Henry George wrote that protectionism teaches us to do to ourselves in time of peace, what enemies try to do to us in time of war. In war enemies attempt to disrupt each others ability to import products from abroad in order to hasten victory. Protectionism consists of a nations efforts to limit or stop its own (cheap) imports out of a mistaken assumption that they weaken the domestic economy. The term protectionism derives from the belief that the economy is protected by trade restrictions. In fact, only certain special interests are protected and then only in the short term. For example, tariffs or quotas on steel imports do not protect workers whose jobs require inexpensive steel as an input, such as autoworkers. Even steelworkers are eventually harmed because their employers, sheltered from competition, are relieved of the pressure that leads to better performance, and the money everyone must spend on more expensive steel products is not available for investment in new industries and jobs. Moreover, all consumers, including steelworkers, are harmed by higher prices.

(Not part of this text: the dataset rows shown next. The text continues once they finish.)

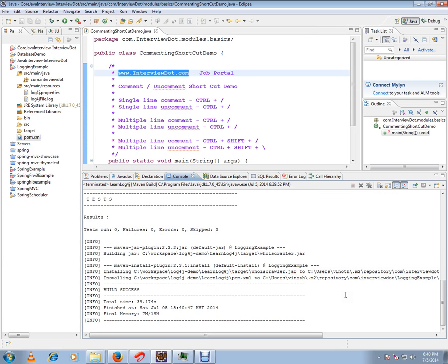Build is successful. This is how you can import a Maven project into Eclipse. Hope this video is useful. Thank you and all the best.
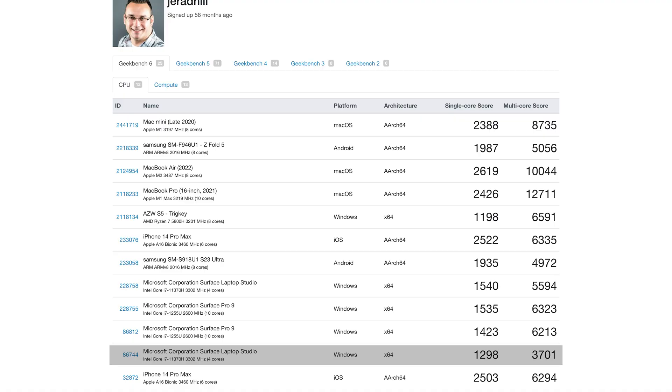When we compare it to the current version of the Surface Laptop Studio, those numbers also are pretty impressive.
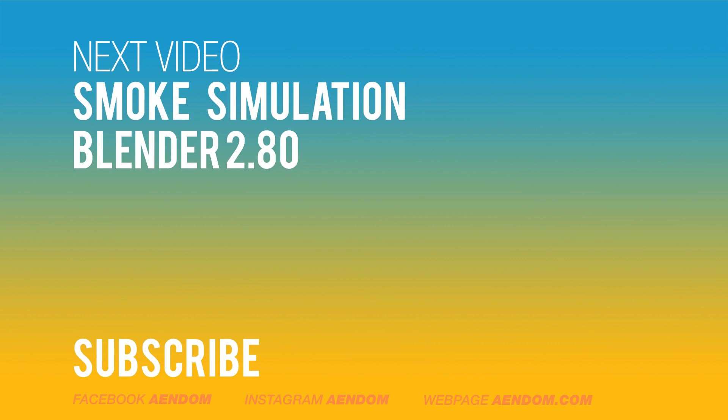If you like this, please subscribe, and the next video is going to be about Smoke Simulation in Blender 2.80.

Protectionism plays a role in the crisis-and-expansion process that characterizes government intervention in the economy. Since trade restrictions harm most people within a country, the government will find reasons to restrict even more products. When cheap foreign steel is restricted, domestic automakers are at a disadvantage with foreign automakers and will tend to lobby for restrictions on auto imports. When vehicles become more expensive, some other interest group will demand relief from the government. These lobbies develop a vested interest that is detached from the original cause of their hardship. If restrictions on steel imports were removed, automakers would most likely not volunteer to give up the restrictions on auto imports.
The result of protectionism is what Robert Higgs calls the ratchet effect. Government grows, and even when it shrinks, it rarely goes back completely to its earlier dimensions.